The solver applies inflow boundary conditions for the y-velocity with a pre-multiplied mask (`velBCy,velBCyMask`), and then calls `super().step()` to run the _regular_ phiflow fluid solving step.


In [None]:
class KarmanFlow(IncompressibleFlow):
    def __init__(self, pressure_solver=None, make_input_divfree=False, make_output_divfree=True):
        IncompressibleFlow.__init__(self, pressure_solver, make_input_divfree, make_output_divfree)

        self.infl = Inflow(box[5:10, 25:75])
        self.obst = Obstacle(Sphere([50, 50], 10))

    def step(self, fluid, re, res, velBCy, velBCyMask, dt=1.0, gravity=Gravity()):
        # apply viscosity
        alpha = 1.0/math.reshape(re, [fluid._batch_size, 1, 1, 1]) * dt * res * res

        cy = diffuse(CenteredGrid(fluid.velocity.data[0].data), alpha)
        cx = diffuse(CenteredGrid(fluid.velocity.data[1].data), alpha)

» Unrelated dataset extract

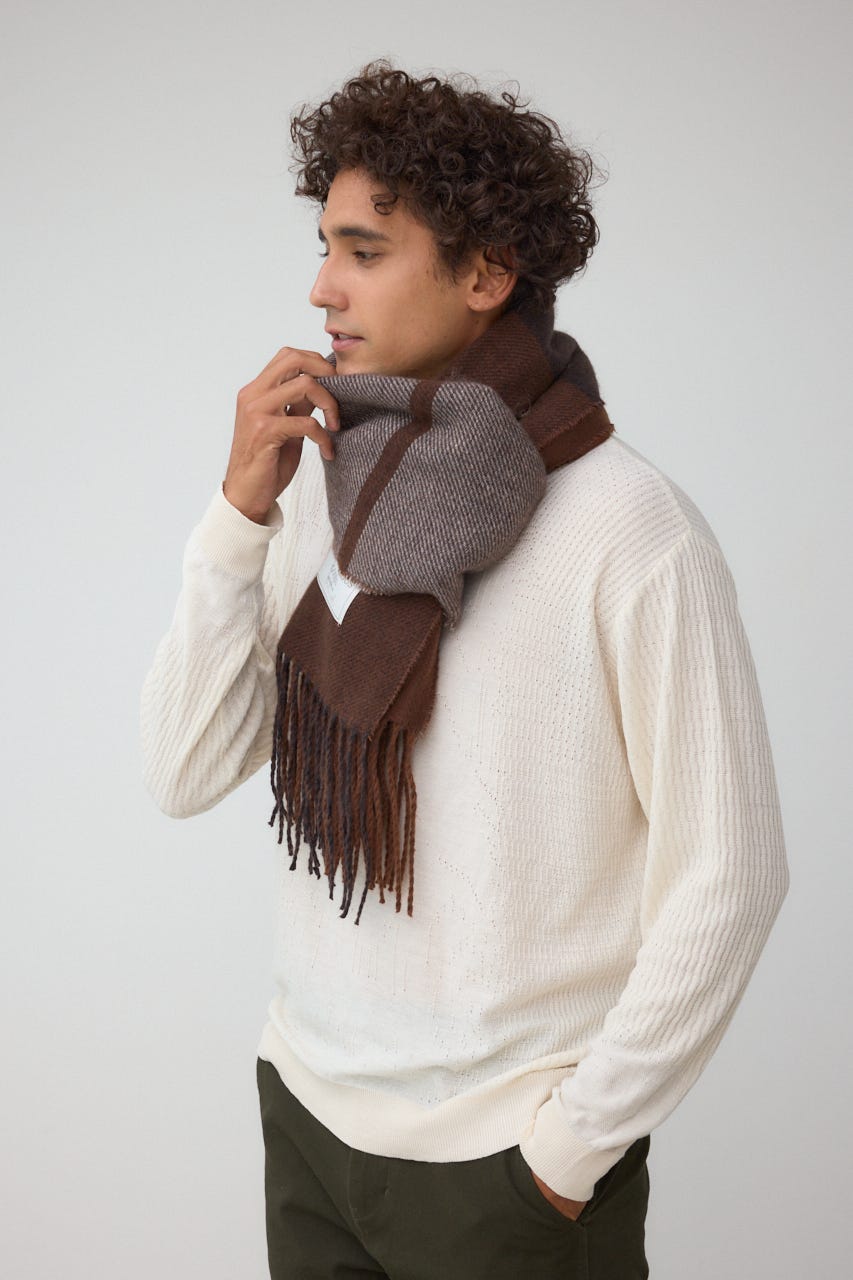 AZUL BY MOUSSY | リバーシブルマフラー (ストール・マフラー ) |SHEL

        # apply velocity BCs, only for y velocity for now. note: content of velBCy should be pre-multiplied
        cy = cy*(1.0 - velBCyMask) + velBCy

        fluid = fluid.copied_with(velocity=StaggeredGrid([cy.data, cx.data], fluid.velocity.box))

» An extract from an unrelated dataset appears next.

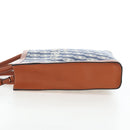 CELINE Macadam Canvas Vertical Cabas Small Hand Bag Navy Gold Auth 202902M-3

        return super().step(fluid=fluid, dt=dt, obstacles=[self.obst], gravity=gravity, density_effects=[self.infl], velocity_effects=())


Network arch: fully convolutional
input: 2 fields with x,y velociy, plus Reynolds number as constant channel
output: 2 component velocity field

simple model, using keras for simplicity.

In [None]:
def model_small(tensor_in):
    return keras.Sequential([
        keras.layers.Input(tensor=tensor_in),
        keras.layers.Conv2D(filters=32, kernel_size=5, padding='same', activation=tf.nn.relu),
        keras.layers.Conv2D(filters=64, kernel_size=5, padding='same', activation=tf.nn.relu),
        keras.layers.Conv2D(filters=2,  kernel_size=5, padding='same', activation=None),  # u, v
    ])


and for flexibility (and larger-scale tests), let's define a _proper_ ResNet with a few more layers

In [None]:
def model_medium(tensor_in):
    l_input = keras.layers.Input(tensor=tensor_in)
    block_0 = keras.layers.Conv2D(filters=32, kernel_size=5, padding='same')(l_input)
    block_0 = keras.layers.LeakyReLU()(block_0)

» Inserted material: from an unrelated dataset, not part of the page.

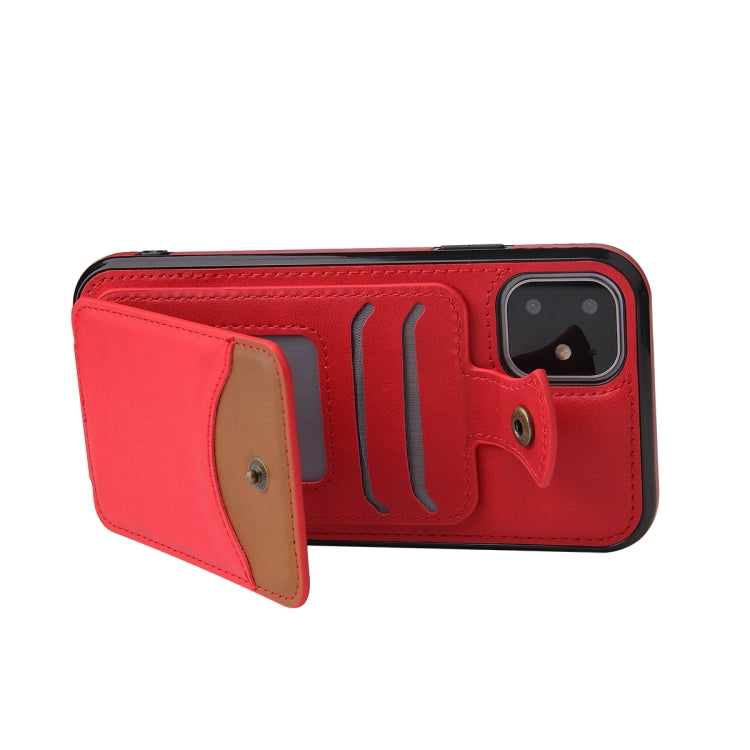 For iPhone 11 Pro Max Soft Skin Leather Wallet Bag Phone Case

    l_conv1 = keras.layers.Conv2D(filters=32, kernel_size=5, padding='same')(block_0)
    l_conv1 = keras.layers.LeakyReLU()(l_conv1)
    l_conv2 = keras.layers.Conv2D(filters=32, kernel_size=5, padding='same')(l_conv1)
    l_skip1 = keras.layers.add([block_0, l_conv2])
    block_1 = keras.layers.LeakyReLU()(l_skip1)

    l_conv3 = keras.layers.Conv2D(filters=32, kernel_size=5, padding='same')(block_1)
    l_conv3 = keras.layers.LeakyReLU()(l_conv3)
    l_conv4 = keras.layers.Conv2D(filters=32, kernel_size=5, padding='same')(l_conv3)
    l_skip2 = keras.layers.add([block_1, l_conv4])
    block_2 = keras.layers.LeakyReLU()(l_skip2)

    l_conv5 = keras.layers.Conv2D(filters=32, kernel_size=5, padding='same')(block_2)
    l_conv5 = keras.layers.LeakyReLU()(l_conv5)
    l_conv6 = keras.layers.Conv2D(filters=32, kernel_size=5, padding='same')(l_conv5)
    l_skip3 = keras.layers.add([block_2, l_conv6])
    block_3 = keras.layers.LeakyReLU()(l_skip3)

    l_conv7 = keras.layers.Conv2D(filters=32, kernel_size=5, padding='same')(block_3)
    l_conv7 = keras.layers.LeakyReLU()(l_conv7)
    l_conv8 = keras.layers.Conv2D(filters=32, kernel_size=5, padding='same')(l_conv7)
    l_skip4 = keras.layers.add([block_3, l_conv8])
    block_4 = keras.layers.LeakyReLU()(l_skip4)

    l_conv9 = keras.layers.Conv2D(filters=32, kernel_size=5, padding='same')(block_4)
    l_conv9 = keras.layers.LeakyReLU()(l_conv9)
    l_convA = keras.layers.Conv2D(filters=32, kernel_size=5, padding='same')(l_conv9)
    l_skip5 = keras.layers.add([block_4, l_convA])
    block_5 = keras.layers.LeakyReLU()(l_skip5)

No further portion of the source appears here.